In the past on this blog, I have mentioned  my disdain for Lazia (10200 102 Avenue). However, after being wowed earlier this year at their newest outpost, the Wildflower Grill, I was in the right frame of mind to give Lazia another try, especially after seeing that their downtown location had been completely remodelled, from the interior to the menu. I had trust that Chef Yoshi Chubachi could spread some of that Wildflower magic to the rest of Lazia’s holdings.

Prior to a show at the nearby Citadel Theatre, Mack and I headed to the restaurant with with expectations in check. We were greeted by a hostess, and immediately taken past the lounge, into the dining room, and offered a choice seat in a rounded banquet. Plush and large enough to easily accommodate a party of five, we enjoyed the semblance of privacy our table provided us.
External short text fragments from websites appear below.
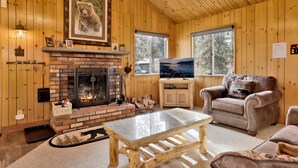 Un intérieur de chalet chaleureux avec une cheminée, des murs en bois, un téléviseur et un coin salon confortable.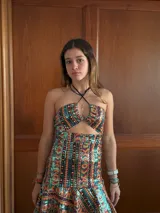 Vestido corto con estampado de rayas horizontales en tonos grises y negros. Diseño con escote halter que se ata al cuello, abertura central en el busto y falda corta con volado.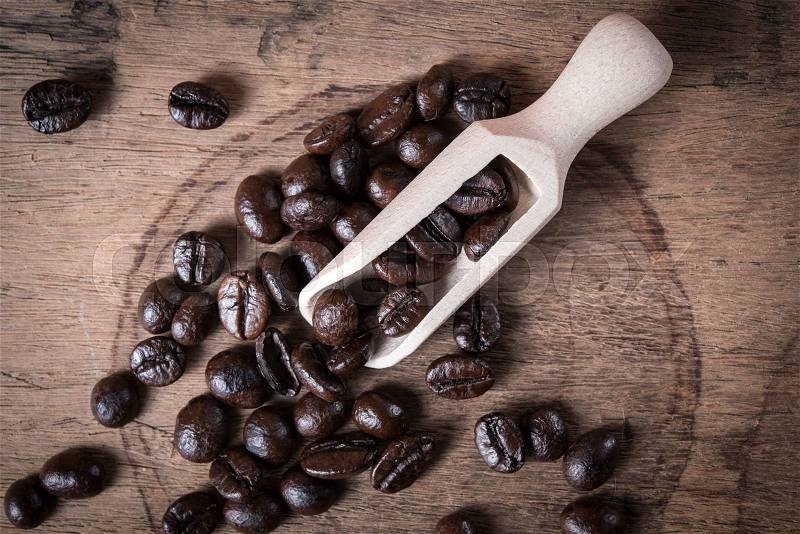 Coffee beans in wooden scoop, stock photo
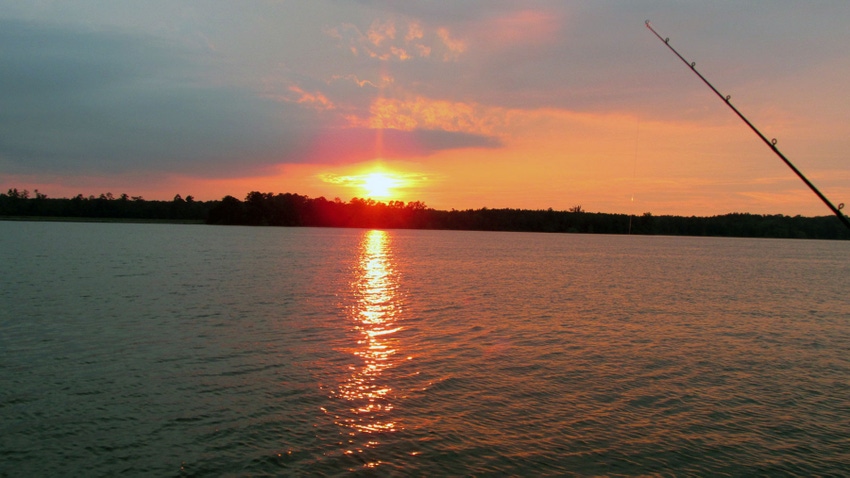 Sunset over a lake with fishing pole.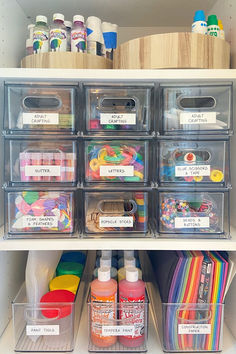 an organized craft closet with clear bins filled with supplies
The decor in the dining area hadn’t changed as much as in the lounge. I was happy to see that the blown-glass sculpture had been saved through the renovation, but besides some minor furniture adjustments, the core of the dining room seemed to have remained the same (granted, my image of the restaurant is several years old). The lounge, however, was now sleek and sophisticated, with the back wall a popping orange shade, a bar with ample seating situated in the centre, and a small glass area in the front lined with couches – perfect for a girls night out.

Dining area

I was most excited about the potential of the new menu. While it did look a lot better on the outset than what I remembered, it was a bit scattered (though to be fair, most mid-range restaurants Lazia is trying to compete with have the same problem). I did really like the fact that there were two streams of desserts to choose from – a range of $8 regular desserts and a set of $5 plates to satisfy those just looking for something small.

I ended up ordering the roasted butternut squash Ravioli ($23) in a white truffle rosé sauce, while Mack opted for the Colossal Prawns ($25), served with a laundry list of accompaniments, including a panko crusted crab cake, cooked shrimp ceviche, miso soya sugar snap peas, basmati rice, sweet
pineapple curry and tomato & corn confit.

Service was great throughout, much improving my outlook on Lazia. Our food was also delivered quite promptly, with a flare for plate presentation – our dishes were treated like pieces of art, the white plates an empty canvas for visual design. The portion sizes, however, left much to be desired – though Mack enjoyed his meal, he could have easily consumed two of the same. My pasta was too sweet all around, between the filling, the sauce, and the accent vegetables – I found no delicate interplay between flavours (as with Rob Feenie’s masterful interpretation at Cactus Club Bentall 5).

Colossal Prawns


Overall, we found the Lazia dining room to be a local, but pricier version of the upscale casual brand purported by the Earls and Joeys of the world. We’d be back to try the desserts, but probably after a cheaper meal elsewhere.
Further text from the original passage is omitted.